The good news is that increased light consumption has historically been tied to higher productivity and quality of life. The bad news is that energy efficient lighting should not be relied upon as means of reducing aggregate energy consumption, and therefore emissions. We thus write: "These conclusions suggest a subtle but important shift in how one views the baseline consequence of the increased energy efficiency associated with SSL. The consequence is not a simple 'engineering' decrease in energy consumption with consumption of light fixed, but rather an increase in human productivity and quality of life due to an increase in consumption of light." This phenomenon has come to be known as the energy "rebound" effect.
The Empirical Evidence for Rebound
The findings of our SSL research inspired The Economist magazine to write a commentary about the study that was mostly correct but made a couple of errors, which we responded to in a letter. In our response, we clarified that energy prices would need to increase 12 percent, not three-fold, in order to reduce the consumption of electricity for lighting, which, to its credit, The Economist posted on its web site and published in its letters section.
Evans Mills of the Lawrence Berkeley National Laboratory wrote on the Climate Progress blog that The Economist had "inverted" our findings. However, The Economist did not "invert" our findings, it had simply overstated an implication of them.

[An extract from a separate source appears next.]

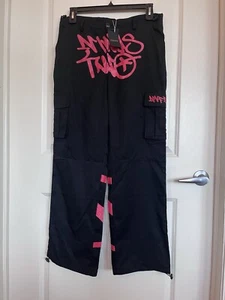 Temu Black Red Pants Men /Youth Sz Large Graphic Print Cargo Pockets W36XL32 - Picture 1 of 4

Efficiency advocates sometimes dismiss rebound by only looking at "direct" energy consumption -- that is, consumption by households and for private transportation. Examples of rebound in this part of the energy economy would be driving your Prius more because gasoline costs you very little, or turning up the thermostat in your efficient home. But these "direct-use" rebounds are small in comparison to "indirect-use" rebounds in energy consumption. Globally, some two-thirds of all energy is consumed indirectly-- in the energy used to produce goods and services. A residential washing machine may be energy efficient in terms of function, but in terms of production, the metal body alone requires energy to mine, smelt, stamp, coat, assemble and transport it to a dealer showroom and eventually a residential home. The energy embedded in your washing machine, or just about any product or service you consume, is very large. And remember that any money you save on your energy bills through efficient appliances or the like is re-spent on other goods and services, which each take energy to produce, all while more productive use of our money (e.g. in spending, savings and production) spurs a more robust economy, demanding even more energy.

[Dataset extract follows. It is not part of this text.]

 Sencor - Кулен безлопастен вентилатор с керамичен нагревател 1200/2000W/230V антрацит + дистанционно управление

As our recent SSL research suggests, there is strong empirical evidence that even in the "direct" part of the economy, the rebound effect can sometimes be so substantial as to eliminate essentially all energy reduction gains. But in my new research (which relies on a detailed, theoretically rigorous econometric analysis of real data), the rebound effect found in the larger "indirect" part of the economy is even more significant -- and more worrisome.
Varying degrees of rebound occur because the phenomenon works in several ways. Increasingly efficient technologies effectively lower the cost of energy, as well as the products and services in which it is embedded. This results in firms consuming more energy relative to other production inputs and producing more output profitably. Firms and individuals benefit from cheaper and more abundant products and services, causing them to find many more uses for these (and the energy they contain). A more efficient steel plant, for example, produces cheaper steel that, in turn, allows firms and individuals to afford to find more uses for the same material.

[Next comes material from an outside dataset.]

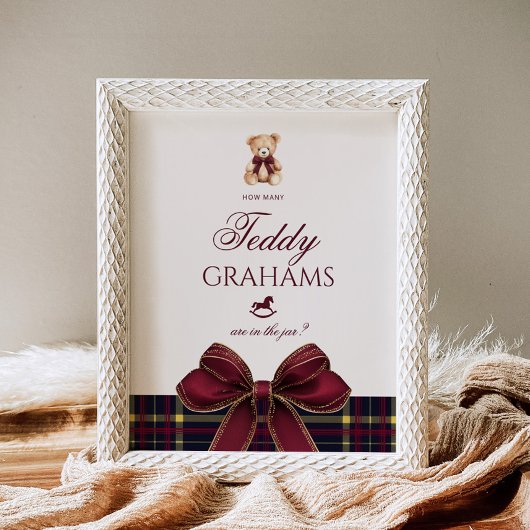 How many teddy grahams Teddy Bear Red Bow ポスター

While some find the notion that increased energy efficiency increases energy consumption to be counter-intuitive, the economic theory is remarkably commonsensical. Mills claims that the idea that the rebound effect "has been postulated in theory but never shown empirically to be significant" is not the case. After many years, rebound theory has advanced to the point that it is now a reliable foundation for empirical study and the empirical evidence firmly suggests rebound exists. And remember that the "rebound effect" for other factors of production is expected, even welcomed; economists have long expected labor productivity improvements to drive even greater economic activity, for example, thus increasing demand for labor and creating new employment opportunities in the economy as a whole, even as efficient production may eliminate a handful of jobs at one factory.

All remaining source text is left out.